Introduction: The Digital Renaissance of Amateur Radio (FT8 vs FT4 vs FT2)
Amateur radio has always been a hobby of evolution. From the early days of spark-gap transmitters to the melodic precision of CW (Morse Code) and the warmth of Single Sideband (SSB), hams have always sought better ways to bridge the gap between continents. However, nothing in the history of the hobby has shifted the landscape as rapidly as the introduction of the “FT” modes.
Named after the primary architects—Nobel Laureate Joe Taylor (K1JT) and Steven Franke (K9AN)—these protocols have transformed how we perceive “usable” signals. We have moved from an era where “if you can’t hear them, you can’t work them” to a modern reality where the most exciting contacts happen 20 decibels below the noise floor.

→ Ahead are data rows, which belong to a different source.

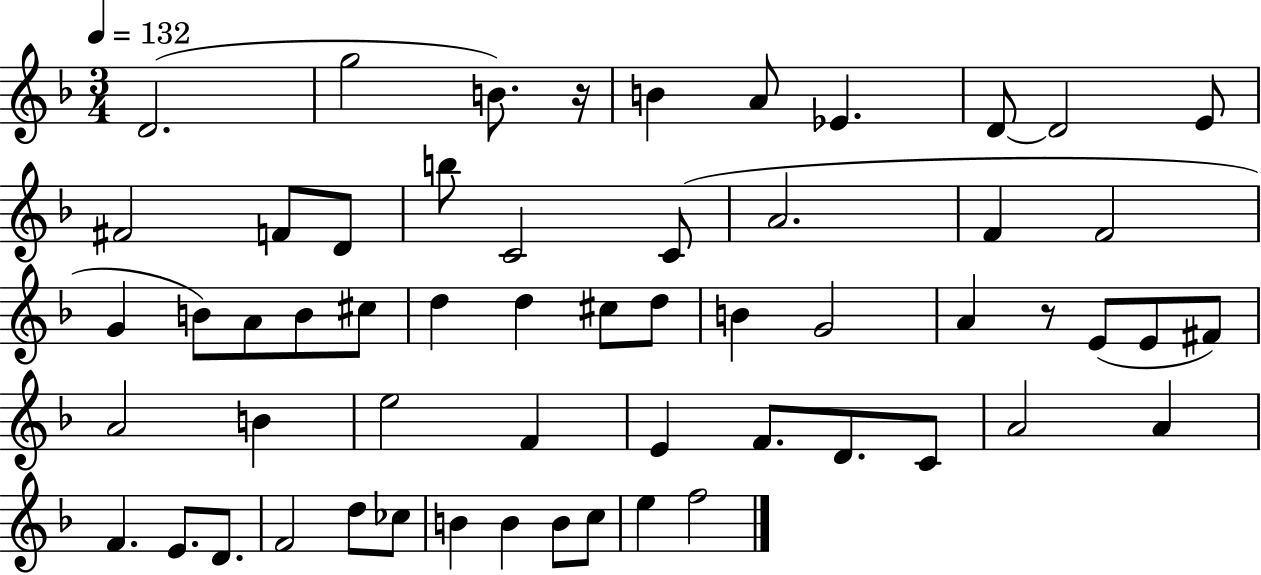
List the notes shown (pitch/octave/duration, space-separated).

D4/h. G5/h B4/e. R/s B4/q A4/e Eb4/q. D4/e D4/h E4/e F#4/h F4/e D4/e B5/e C4/h C4/e A4/h. F4/q F4/h G4/q B4/e A4/e B4/e C#5/e D5/q D5/q C#5/e D5/e B4/q G4/h A4/q R/e E4/e E4/e F#4/e A4/h B4/q E5/h F4/q E4/q F4/e. D4/e. C4/e A4/h A4/q F4/q. E4/e. D4/e. F4/h D5/e CES5/e B4/q B4/q B4/e C5/e E5/q F5/h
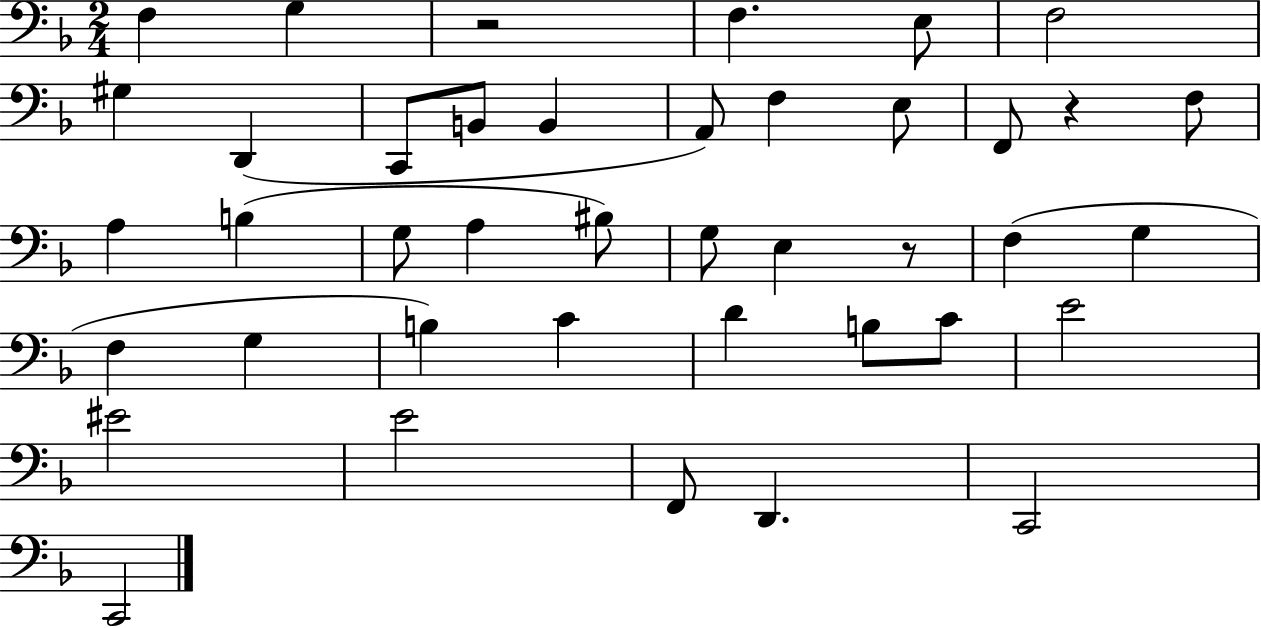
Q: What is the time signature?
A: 2/4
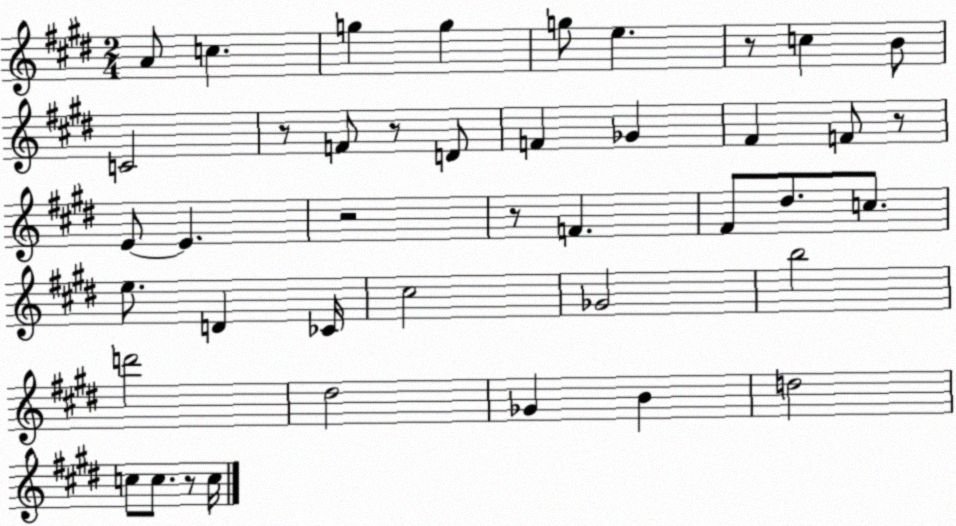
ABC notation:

X:1
T:Untitled
M:2/4
L:1/4
K:E
A/2 c g g g/2 e z/2 c B/2 C2 z/2 F/2 z/2 D/2 F _G ^F F/2 z/2 E/2 E z2 z/2 F ^F/2 ^d/2 c/2 e/2 D _C/4 ^c2 _G2 b2 d'2 ^d2 _G B d2 c/2 c/2 z/2 c/4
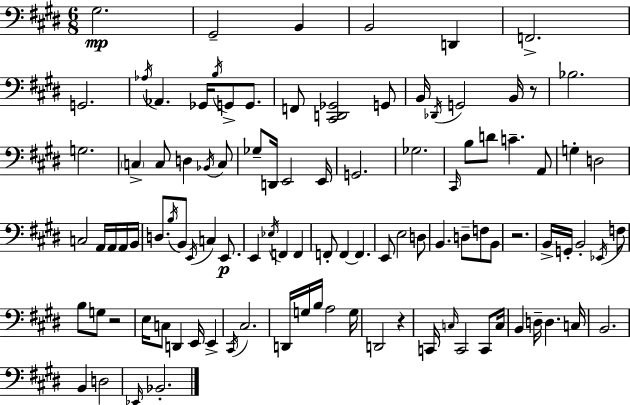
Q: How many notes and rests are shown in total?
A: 103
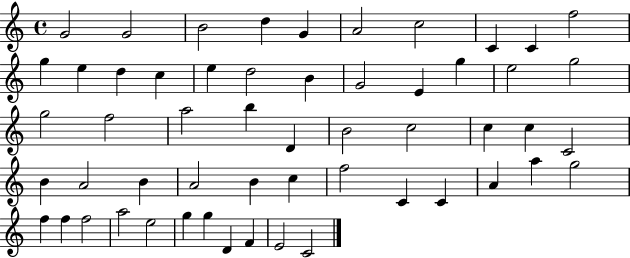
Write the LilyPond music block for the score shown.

As of 2026, the trio of FT8, FT4, and the experimental FT2 define the digital HF experience. But they are not interchangeable. Each represents a specific point on the engineering “iron triangle” of digital communication: Speed, Sensitivity, and Bandwidth. To choose the right mode, one must understand the physics of the ionosphere and the mathematics of Information Theory.
FT8: The Foundation of Modern Digital DX
Released in July 2017, FT8 was a cultural phenomenon. It arrived during a period of low solar activity when many hams were frustrated by “dead” bands. FT8 proved that the bands weren’t dead; our ears were simply too insensitive.
The Technical Architecture of FT8
FT8 uses 8-tone Frequency Shift Keying (8-GFSK). Every transmission carries a 77-bit payload, which is enough to transmit two callsigns, a signal report, and a four-character grid square.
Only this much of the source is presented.